The Act provides that you new lease will be granted on the following terms:
(i) the rent will be one peppercorn (i.e. no rent).
(ii) the term of your new lease will be the current unexpired term plus 90 years.
(iii) the other terms will be exactly the same, subject to very limited alterations; for example, modifications that might be necessary to remedy a defect in the lease or take alterations to the flat into account. This is where disputes may arise, as the definition of “defect” has been the subject of debate.

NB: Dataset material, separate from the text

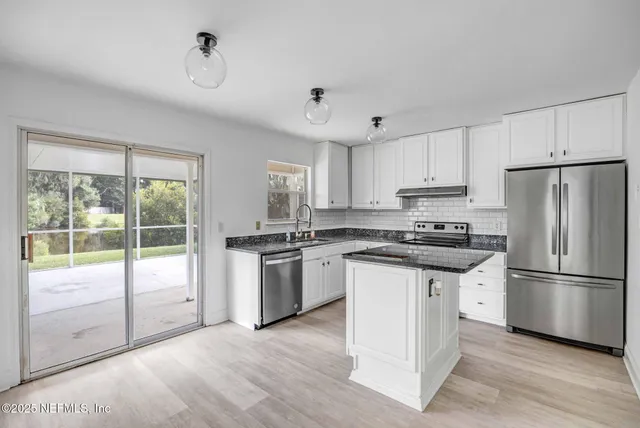 a kitchen with granite countertop a refrigerator stove top oven and sink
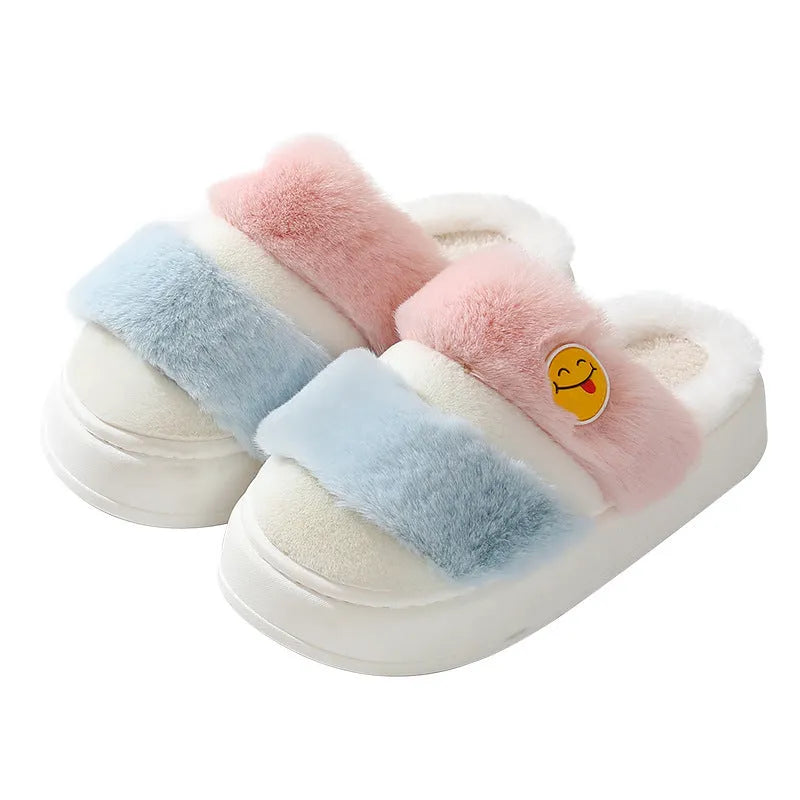 A pair of pink and green thermal plush slippers with a cashmere lining, shown on a wooden floor.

If no agreement can be reached with respect to the premium or the terms, then either party may make an application to the Leasehold Valuation Tribunal no sooner than two months after, but within six months of the date of the Counter Notice.
8. Can you withdraw?
At any time before a new lease is entered into in pursuance of the tenant’s notice of claim, you may withdraw the claim by the giving of a notice of withdrawal to every landlord and any third party to the lease.
You will be liable for any costs incurred by the landlord up to the date of the notice of withdrawal.
Once the notice has been withdrawn, no subsequent notice may be served for a period of twelve months.
9. How much will I have to pay to extend my lease?
Your decision to extend the lease may be dependent on how much it will cost. You will be expected to pay the following:
9.1 the purchase price for the freehold (to be determined by a valuer);
9.2 the landlord’s reasonable costs whether or not the matter proceeds to completion, this includes:
9.2.1 legal fees;
9.2.2 valuation fees, but not the landlord’s negotiation costs for agreeing the purchase price; and
9.2.3 your own legal fees; and
9.2.4 your own valuation fees and negotiation fees.
The landlord’s costs payable by you must be reasonable. In the event of a dispute the Leasehold Valuation Tribunal can determine as to whether any element of the landlord’s costs should be included and, if so, what is a reasonable amount.
We will scrutinise carefully any bill submitted by the landlord for payment by you to ensure that any costs relating to negotiations are not included. The Leasehold Valuation Tribunal tends to take a fairly conservative approach to the assessment of costs which is of help to a tenant.